DATA TO EXAMINE:
========================================================================
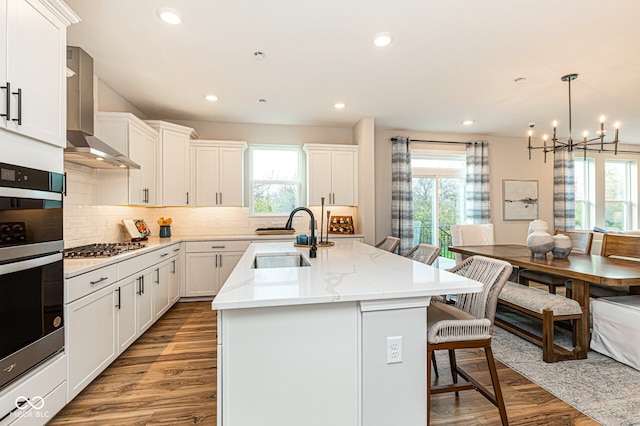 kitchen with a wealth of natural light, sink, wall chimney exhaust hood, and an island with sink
========================================================================
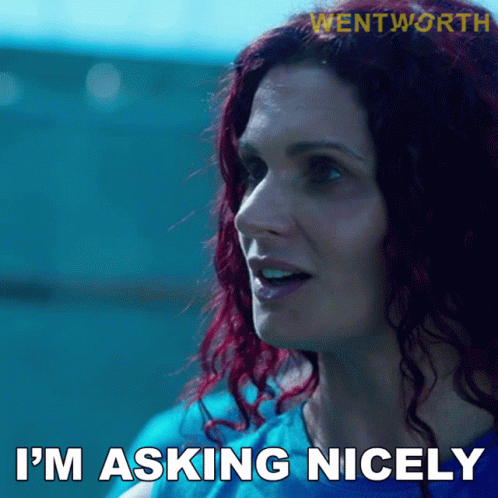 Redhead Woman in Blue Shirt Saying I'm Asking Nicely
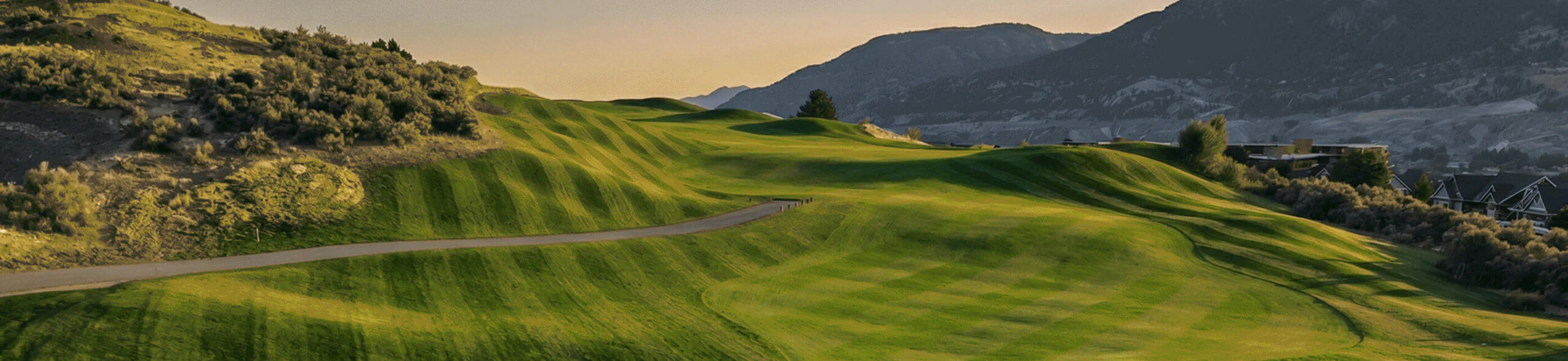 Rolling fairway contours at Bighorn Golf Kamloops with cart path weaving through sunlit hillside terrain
========================================================================
ASSIGNED TASK: Beginning with the line holding "Redhead Woman in" in the material above, restate word for word each line through the line holding "Rolling fairway contours", and exclude pictures.

RESULT OF THE EXERCISE:
 Redhead Woman in Blue Shirt Saying I'm Asking Nicely
 Rolling fairway contours at Bighorn Golf Kamloops with cart path weaving through sunlit hillside terrain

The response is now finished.